This is only one example of a disproportionate benefit conferred on one component of the environment — the delta smelt — by the top-down approach to protecting it. The result is a policy that is counter-productive because it is absolute, in circumstances where only a compromise could serve the environmental cause.
The late economist Elinor Ostrom has shown how even the problem of the commons can be handled fairly by small associations of the persons directly concerned:
The sharing of water among farmers in arid regions of Spain has been managed over centuries by locally constituted rules and courts established under local jurisdiction. Likewise the Alpine meadows of Switzerland are allocated by farmers under co-operative principles that promote both fair shares and the renewal of the resource.
In general, ‘common pool resources’ can be managed as a stable asset, provided that: 1) they are managed by a local community; 2) those with a right to them are clearly identified and others clearly excluded; 3) there is a system of sanctions in place to punish misappropriation and abuse; 4) there is a collective decision-making process with easily accessible procedures for resolving conflict; and 5) the rights of the community are recognized by higher-level authorities.
Ostrom’s second condition for managing the commons deserves emphasis in this age of mass immigration; distinguishing those who belong from those who do not belong is a necessary precondition for successfully managing a common asset such as the natural environment. In Scruton’s words:
Ordinary people are less liable to accept sacrifices for the sake of their environment when the attachment to locality is being replaced by competition between self-identifying tribes, families and religions.... A conservative environmental policy that did not set limits to immigration [therefore] would have no chance of success.
Finally, we should note that the author’s championship of private associations does not mean that the law has no role to play in protecting the environment. On the contrary, it is the English common law of associations which allows clubs to appear as collective litigants in a court of law, with no permission from the state. A case in point: the reason most of the rivers of England are today clean and stocked with fish is that in 1948 a barrister and angler named John Eastwood founded the Anglers’ Conservation Association, which offers financial backing to those in a position to initiate legal proceedings against riparian polluters. In the landmark “Pride of Derby” case of 1952, three defendants — a private company, a nationalized industry, and a local government — were compelled to cease from polluting the River Derwent.

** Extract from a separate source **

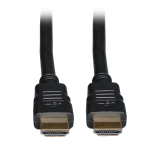 Tripp Lite P569-050 Standard Speed HDMI Cable with Ethernet, Digital Video with Audio (M/M), 50 ft. (15.24 m)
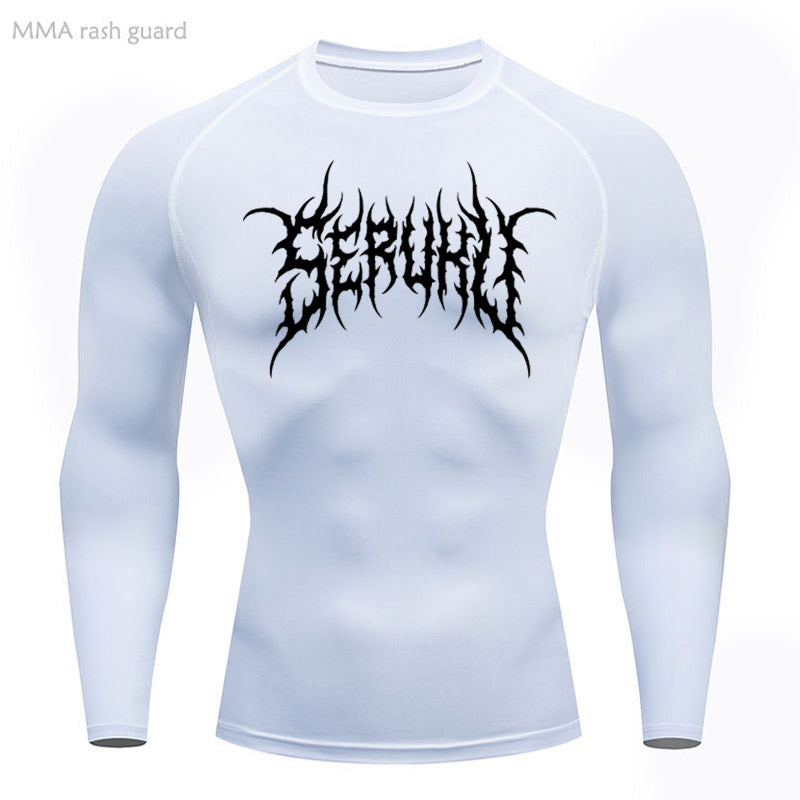 Seruku Compression LS Shirt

This case shows how the law itself can serve as a homeostatic system to prevent encroachment by the government currently in power.
Even government regulation can have a place in a sound environmental policy, Scruton believes, as long as it limits itself to returning the costs of pollution to polluters, i.e., forbidding economic actors to externalize their costs.
How to Think Seriously about the Planet is a tour de force which brings the best of modern philosophical thought to bear on matters of the greatest practical and theoretical importance. To whatever frivolity academic philosophy departments may descend, true philosophical insight will remain with us as long as we have Roger Scruton.